Пока все складывалось удачно. Подкравшись к ложу, халруджи неслышно навалился на кучеяра, зажав ему рот ладонью. У начальника стражи была хорошая реакция. Его рука метнулась к джамбии, а тело выгнулось дугой, пытаясь сбросить ночного гостя, но Арлинг уже нашел нужную точку на шее Вазира и резким ударом пальцев отправил его в обморок.
Регарди наполняло спокойствие. Злость и раздражение бесследно исчезли – на территории врага не было места эмоциям. Снаружи по-прежнему раздавались мерные шаги наемника. Шорохи из шатра его не насторожили. Подумав, что точно такой же беспечный кучеяр мог сейчас охранять Сейфуллаха, халруджи заторопился. Оставлять капитана надолго без присмотра не следовало – охране Вазира он не доверял.
Оседлав неподвижное тело, Регарди извлек джамбию Вазира из ножен.
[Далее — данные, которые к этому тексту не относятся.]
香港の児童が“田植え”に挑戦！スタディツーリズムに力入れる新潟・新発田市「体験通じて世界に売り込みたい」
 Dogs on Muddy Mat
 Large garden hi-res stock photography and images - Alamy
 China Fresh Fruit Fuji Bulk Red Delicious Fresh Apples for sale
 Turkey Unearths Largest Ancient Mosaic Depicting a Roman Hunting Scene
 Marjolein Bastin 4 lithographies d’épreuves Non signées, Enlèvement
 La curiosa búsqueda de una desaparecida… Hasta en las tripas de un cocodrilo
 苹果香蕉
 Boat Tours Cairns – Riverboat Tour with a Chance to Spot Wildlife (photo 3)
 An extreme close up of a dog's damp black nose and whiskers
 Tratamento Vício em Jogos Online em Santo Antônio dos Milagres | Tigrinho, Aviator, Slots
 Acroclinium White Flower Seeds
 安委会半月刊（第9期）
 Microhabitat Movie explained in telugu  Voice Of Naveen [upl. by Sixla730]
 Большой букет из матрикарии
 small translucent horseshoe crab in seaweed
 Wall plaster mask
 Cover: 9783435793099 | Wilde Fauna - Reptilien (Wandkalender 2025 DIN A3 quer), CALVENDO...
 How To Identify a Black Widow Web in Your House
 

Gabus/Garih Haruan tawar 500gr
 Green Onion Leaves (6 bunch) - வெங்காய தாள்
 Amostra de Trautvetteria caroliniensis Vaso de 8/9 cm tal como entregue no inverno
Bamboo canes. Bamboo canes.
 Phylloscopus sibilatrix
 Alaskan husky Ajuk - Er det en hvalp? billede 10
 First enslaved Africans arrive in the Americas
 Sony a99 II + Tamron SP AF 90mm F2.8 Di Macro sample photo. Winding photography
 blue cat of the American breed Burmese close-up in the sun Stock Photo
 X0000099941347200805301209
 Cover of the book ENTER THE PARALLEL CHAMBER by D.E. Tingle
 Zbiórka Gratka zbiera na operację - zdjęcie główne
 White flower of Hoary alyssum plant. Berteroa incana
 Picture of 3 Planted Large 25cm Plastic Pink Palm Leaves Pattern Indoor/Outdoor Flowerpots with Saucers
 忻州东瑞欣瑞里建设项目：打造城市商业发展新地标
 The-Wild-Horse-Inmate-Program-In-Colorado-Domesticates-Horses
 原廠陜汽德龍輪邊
Клинок вышел легко и послушно, наполнив шатер тонким звоном закаленной стали. Это было хорошее оружие, за которое было бы не жаль отдать десяток верблюдов. Коснувшись пальцем лезвия, Арлинг остался доволен его остротой и принялся за бороду кучеяра. Первые волоски упали на пол с едва слышным шелестом. В тишине, окружавшей лагерь, все звуки казались преувеличенно громкими.
Сухое бритье было не лучшим вариантом, но Вазир должен был быть благодарен – его даже ни разу не порезали. Закончив с бородой, Регарди не сдержал любопытства и ощупал голову кучеяра. Он понимал, что в страсти изучать чужие лица было что-то нездоровое, но ничего не мог с собой поделать. В конце концов, не каждый день выпадала возможность узнать врага «в лицо». По рассказам караванщиков и Сейфуллаха, халруджи знал, как выглядел начальник стражи, но их слова не могли сравниться с тем, что «говорили» ему пальцы.
Так, у Вазира оказалась большая бородавка над правой ноздрей, которая вероятно возникла от неудачного прокола носа. Как и у всех кучеяров, у него была жирная пористая кожа, высокая линия скошенного лба и широкие скулы. Любопытство заставило Арлинга растянуть губы Вазира и пересчитать зубы. Чаще всего к сорока годам у кучеяров оставались одни пеньки из-за пристрастия к жевательным наркотикам. Впрочем, зубы у начальника стражи были здоровые, а некоторые даже украшали вставленные драгоценные камни.
Вазир застонал, и Регарди поспешил закончить с осмотром. Кучеяр, конечно, догадается, кто лишил его бороды. Впрочем, самое страшное, что грозило Арлингу – это возвращение в Балидет в обозе с нарзидами. У Сейфуллаха просто не будет времени, чтобы разобраться, кто побрил начальника стражи. Хотя, скорее всего, Вазир не признается, что его опозорил слепой слуга капитана, и еще долго будет пытаться отомстить ему в городе. Регарди был не против. Порой жизнь халруджи была невыносима скучна.
Покинуть палатку оказалось еще легче, чем войти. Наемник уснул, уютно привалившись щекой к древку копья. Арлингу захотелось пощекотать травинкой у него под носом, но шуток на сегодня было достаточно. Послушав тишину лагеря, он неохотно побрел к шатру Сейфуллаха. В его обязанности входила подготовка капитана ко сну, но интуиция подсказывала, что этой ночью мальчишку лучше было не трогать.